MATERIALS AND METHODS
Data acquisition and study population
The ACS-NSQIP data set is a national validated and risk adjusted outcomes based database that includes demographic, clinical, perioperative, and 30-d postoperative details of patients undergoing surgery from 600 eligible hospitals across the United States. The ACS-NSQIP uses a systemic sampling process to ensure that each case has an equal chance of selection and it is frequently monitored to minimize sample bias. A retrospective review of the 2014-2017 ACS-NSQIP and targeted hepatectomy databases were performed and patients were matched based on case ID numbers. All adult patients undergoing LR were identified using Current Procedural Terminology codes 47120, 47122, 47125, and 47130.

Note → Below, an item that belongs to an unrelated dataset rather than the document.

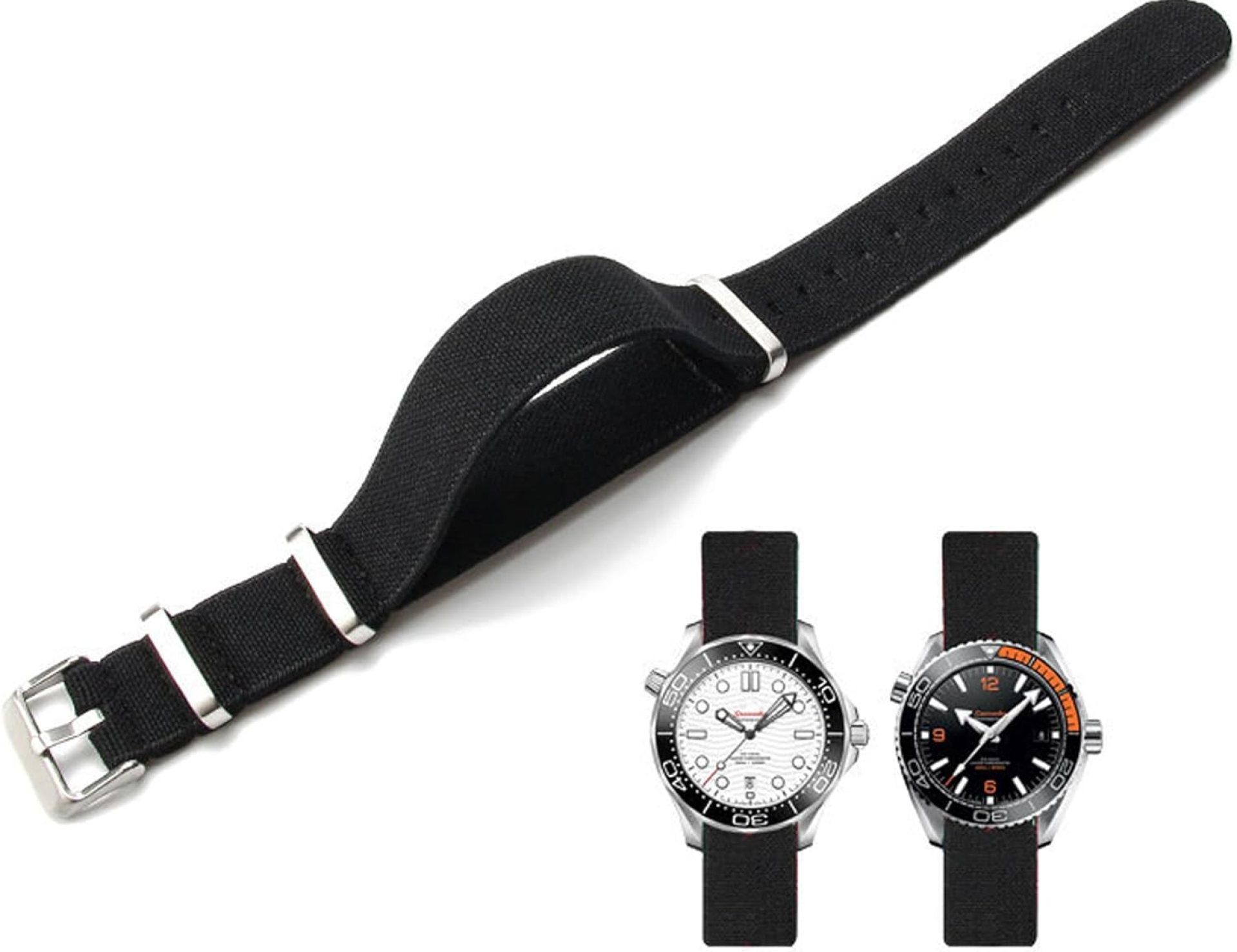 Nylon Elastic Watch Strap Military Parachute Style Watch Band 18mm 20mm 22mm Premium Striped Nylon One-Piece French Paratrooper Watchband Smartwatch Band Replacement Strap for Men Women Nylon Elastic Watch Strap Military Parachute Style Watch Band 18mm 20mm 22mm Premium Striped Nylon One-Piece French Paratrooper Watchband Smartwatch Band Replacement Strap for Men Women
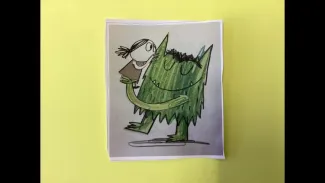 Le monstre des couleurs raconté par Lucia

Study variables and outcomes
Independent variables included demographic, preoperative health status, relevant comorbidities, operative, and postoperative outcomes. Demographics included age and gender. Preoperative health included American Society of Anesthesiologists (ASA) classification, body mass index, weight loss within 6 mo from surgery, smoking, chronic steroid use, preoperative sepsis (systemic inflammatory response syndrome or septic shock) and preoperative transfusion. Comorbidities included diabetes mellitus, chronic obstructive pulmonary disease, hypertension requiring medications, bleeding disorders, congestive heart failure. Targeted hepatectomy variables included neoadjuvant therapy within 90 d of surgery, ascites, viral hepatitis, and pre-operative biliary stent placement. Operative variables consisted of operative approach (open, laparoscopic, robotic), type of resection (trisegmentectomy, total right or left hemihepatectomy, or partial hepatectomy), concomitant procedures (cholecystectomy, intestinal resection, partial pancreatectomy), size of metastatic lesion (< 2, 2-5, or > 5 cm) number of metastatic lesions (1-2, 3-5, or > 5), number of concurrent partial hepatectomies (0, 1-5, 6-9, or > 10), liver texture (normal, congested, cirrhotic or fatty), operative time, pringle maneuver during resection, concomitant intraoperative ablation (IA), and biliary reconstruction.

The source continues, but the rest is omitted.